As researchers could not find out pyknotic nuclei and establish the period during which the quantity of cells in CNS reduce, it was considered, that cell death had been thought to be absent from the brain of fish in stages beyond embryogenesis (Fox, Richardson, 1982; Crapon de Caprona, Fritzsch, 1983; Waxman, Anderson, 1985; Fine, 1989). But it have shown by researches (Soutschek, Zupanc, 1995, 1996), that in many brain areas, including the prepacemaker nucleus (Soutschek and Zupanc, 1995) and the cerebellum (Soutschek and Zupanc, 1996), a large number of cells undergo apoptosis. The density of apoptotic cells is significantly higher in places of final migration, than in the corresponding proliferative zones, implying that cell death may mainly be involved in the regulation of the cell number of the newborn cells after they have reached their target areas.
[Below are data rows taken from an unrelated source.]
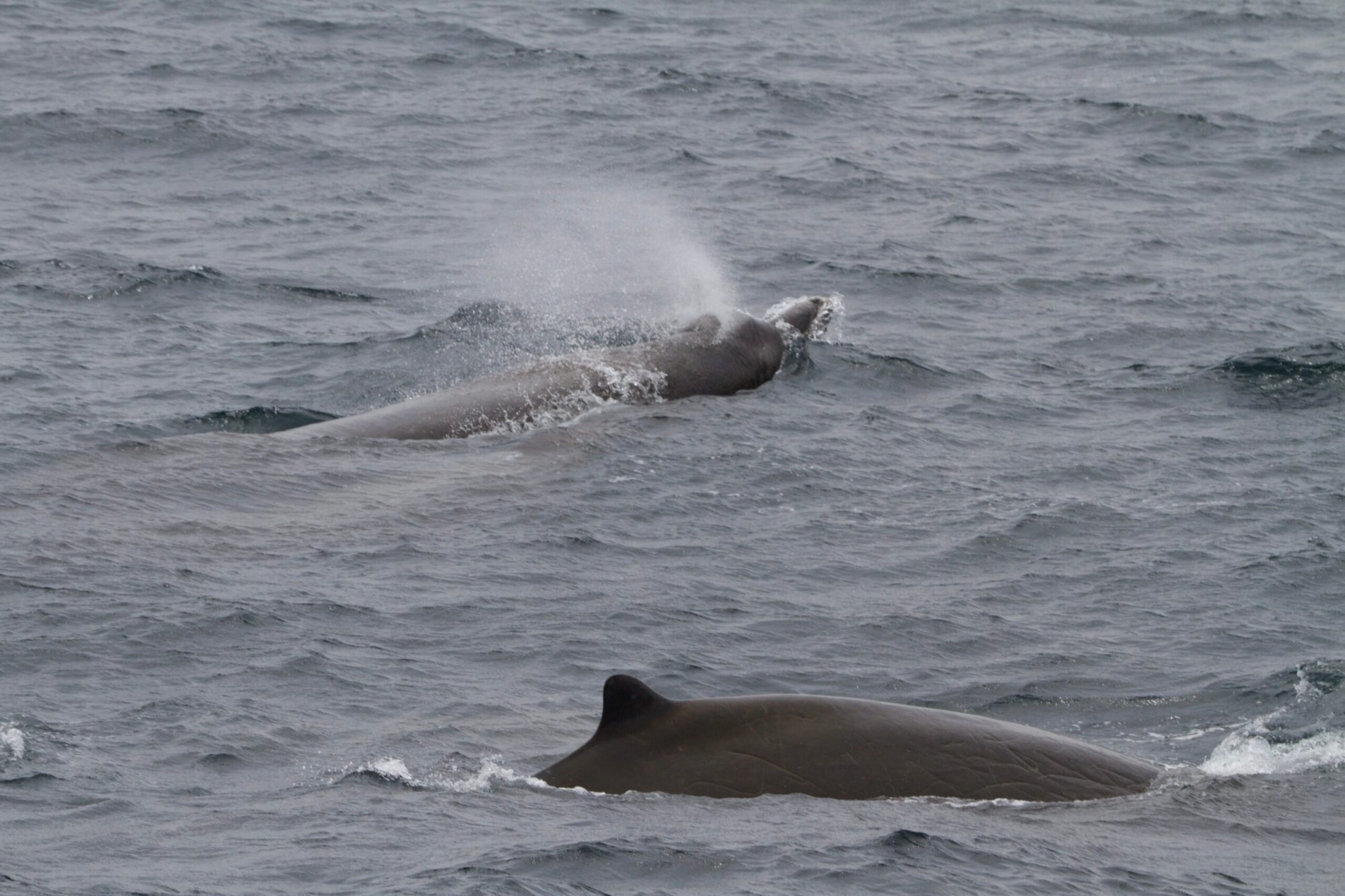 a whale jumping out of the water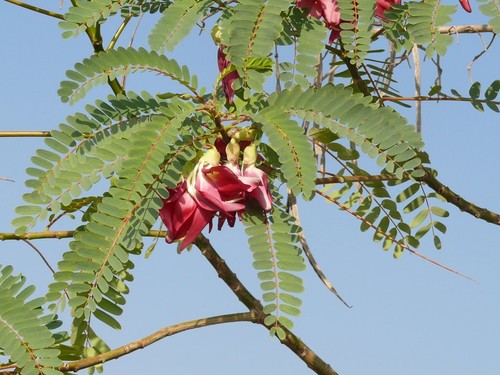 Árbol Colibrí Rojo Sesbania Grandiflora, Glicina Roja - 10 Sementes - Imagen 4 de 5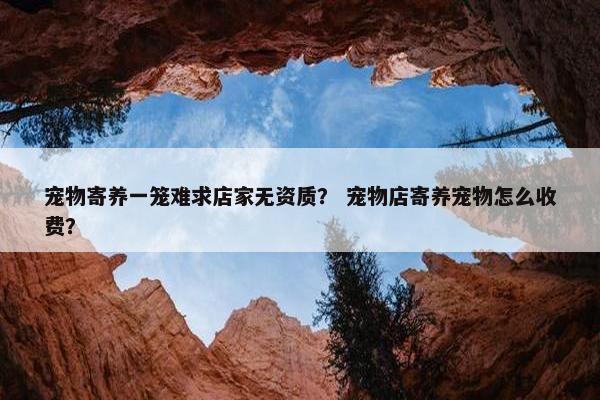 宠物寄养一笼难求店家无资质？ 宠物店寄养宠物怎么收费？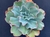 Echeveria gibbiflora Hephaestus 3C - pote 9 - emitindo raízes - SUCULOUCURA DA SEMANA na internet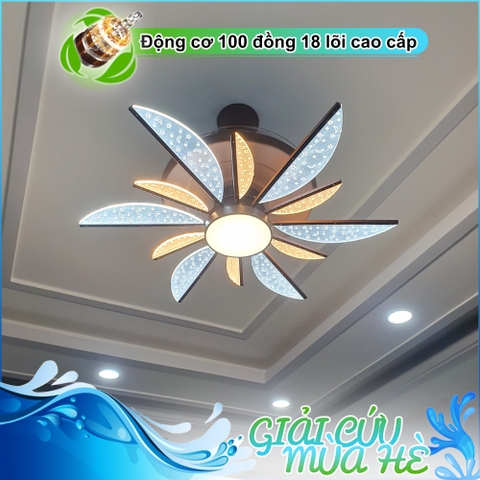 Quạt trần đèn trang trí - Dấu cánh Acrylic – DC Inverter – Mã G518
On the basis of this fact the conclusion has been made, that, probably, one of functions of apoptosis - to eliminate new neurons which after arrival on a place of final localization have failed to join in function chart of CNS[1] (Soutschek, Zupanc, 1996).It is interesting, that with the years at bony fishes the quantity of apoptosis events on a mass unit of a nervous tissue decreases (an age-dependent reduction in apoptotic events). As a whole about half of young cells is exposed to apoptosis, and other part lives up to the end of a life of a fish, and the most part of the survived cells is differentiated in neurons (Zupanc, 2006).